Contacts

No Country for Dependent People

, by Francesco Longo - professore associato presso il Dipartimento di analisi delle politiche e management pubblico, translated by Alex Foti
A fragmented and unequal system is incapable of supporting the growing number of people needing longterm care. Yet there are three possible ways to address the problem, if assistance to the disabled and the elderly finally becomes a national priority


Italy is fortunate for having one of the highest life expectancies, but is unlucky in having one of the lowest birth rates in the world (1.3 children per woman, when it would take at least 2.1 to prevent population decrease). Combined, these two demographic trends are determining an explosion in the number of people in need of Long-Term Care (LTC), as well as a reduction in the number of family members who can actually provide it. In Italy there are currently 2.5 million dependent adults, projected to become 3.5 million by 2030, and 5.1 million by 2050. Each of them requires a family network of at least four people, so this means that at least 10 million Italians are deeply affected by the problem.

Italy's welfare system is presently based on four pillars. Firstly, about 60% of dependent adults receive an allowance of about €500 per month from INPS, the Italian social security agency, a transfer which is paid without means testing. The amount is insufficient for disadvantaged social classes and not so relevant for the better-off: 60% of checks are captured by the richer 50%.

The second pillar is given by by public health system that pays the medical fees for 200,000 beds in nursing homes. It covers around 40% of the total cost, leaving families with the burden of covering the remaining 60% of residency fees, at an average market cost of €70 per day (€ 2,100 a month). Then there are medical therapies to be done at home (for an average duration of two hours a week). Local government is the third pillar, which guarantees payment of residency fees for poor families living in protected facilities and a modicum of free care for the indigent in their homes, with an average frequency of three hours a week.

The fourth and most significant pillar is informal care, which gives work to 800,000 home carers. Approximately 90% of whom are foreign women with gray job contracts (i.e. families claim they work 25 hours weekly to ensure the renewal of their residence permit, when in fact they work 60). A caregiver costs about 50% of the cost of a nursing home, because of her low compensation and lack of rights on the job.

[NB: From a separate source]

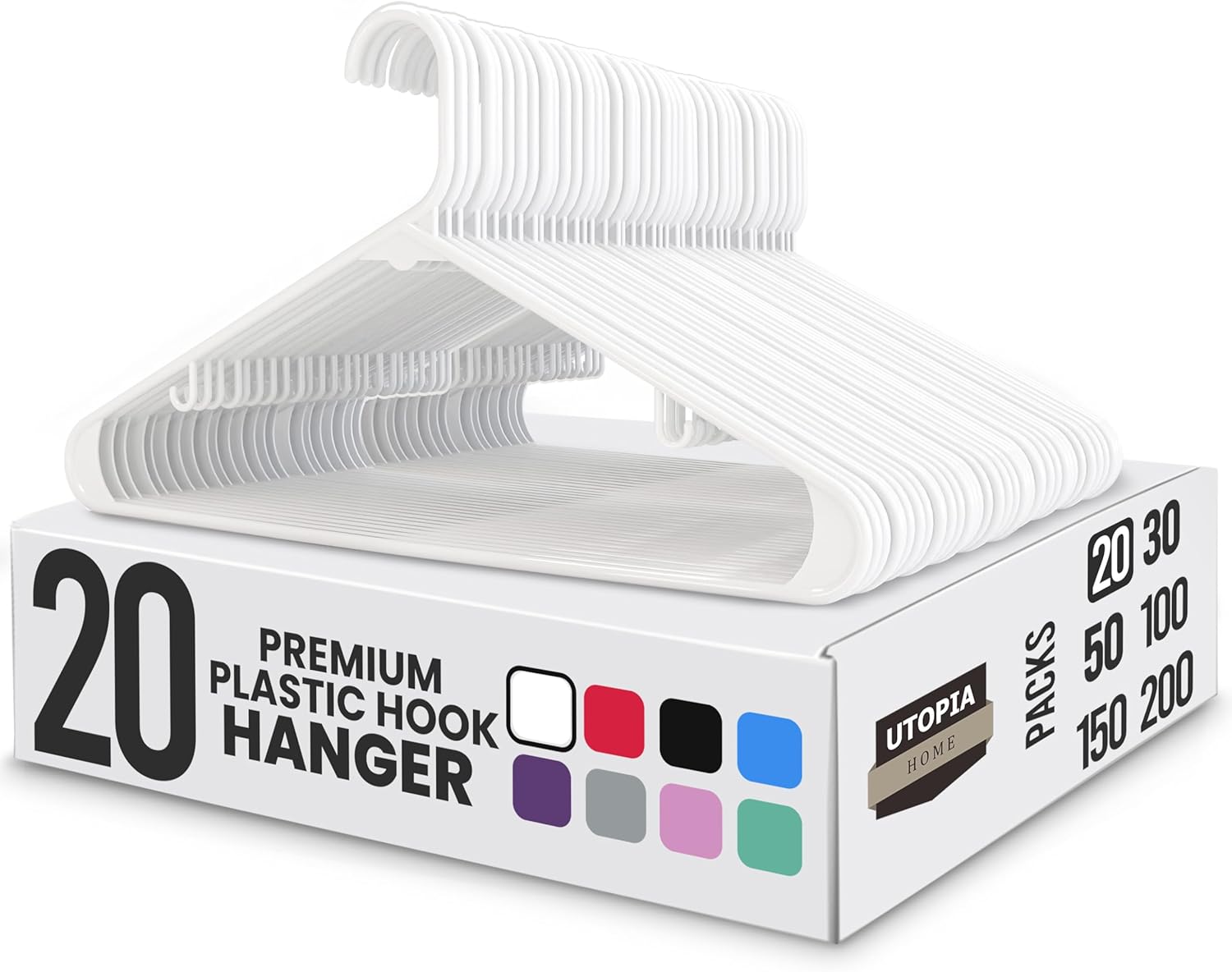 Utopia Home Plastic Hangers - Durable Space-Saving Clothes Organizer - 20 Pack for Shirts, Pants, Skirts & Coats (White)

This explains the drastic reduction in life expectancy of the guests living in nursing homes (which has declined to 6-8 months since the start of the 2008 crisis) because families put the elderly in nursing home only when two caregivers (break-even poin in terms of cost) are no longer sufficient to ensure assistance to the person in need. In sum, out 2.5 million dependent adults, 800,000 employ a so-called badante (home caregiver), 200,000 are hospitalized, and 1.5 million cope as they can with the help of their own families.

This existing LTC system has three serious problems. First, the system is highly fragmented between social security, public health, municipalities, private providers, leaving families alone with the burden of configuring a viable whole. The second issue is that fragmentation makes the system deeply unfair, because it allocates transfers without means tests, and more in general because it puts households that are less capable of navigating the archipelago of services, fees and charges at a disadvantage. Thirdly, the system is under-professionalized, because it is based in 90% of cases on the work of informal care givers, which means that improvised and random standards of service are the norm.

How to act in such framework? If someone found the courage to put the issue on the top of the political agenda, there are three possible ways to address the problem. The first is to correct the main micro-distortion: introducing means testing and transforming cash transfers into service vouchers; turning the scant visits of welfare workers into opportunities for consulting and supporting families and carers alike; differentiating the offer of residential housing for the elderly with the introduction of a low-threshold tier of access. The second way is to launch a national LTC policy, as most EU countries have done, reassembling into a single fund the current €32 billion for elderly people, perhaps increasing it with the revenues of an ad hoc tax, and allocate them in a unified manner as a function of need and income, by offering services rather than cash. Finally, the aphasia in public policy when it comes to LTC could at least be mitigated, and this is the third route, by promoting the creation of a professional market for carers, with strong tax incentives, based on a logic of demand recomposition (such as for instance, a single caregiver overseeing the needs of the elderly in a given building), supported for example by the increase in the value of the social security check for care of a dependent person if it is spent for accredited services, while giving up cash transfers to family households.

Not activating any of the policies above has very high costs. In terms of welfare policy, the need for LTC is so great that currently users are improperly appropriating resources from other divisions of the Italian welfare state, weakening their respective specific missions. For long-term care the Italian national health service spends €10-15 billion a year, while local governments consume 50% of their budget for social spending on dependent adults, and the Italian social security system is escalating its financial commitments to pay transfers to the disabled and the elderly. On the other hand, the current situation makes the lives of people in the need of long-term care and their families unbearable, while the unequal treatment of people with LTC needs is having a negative impact on citizens' trust in institutions and the community.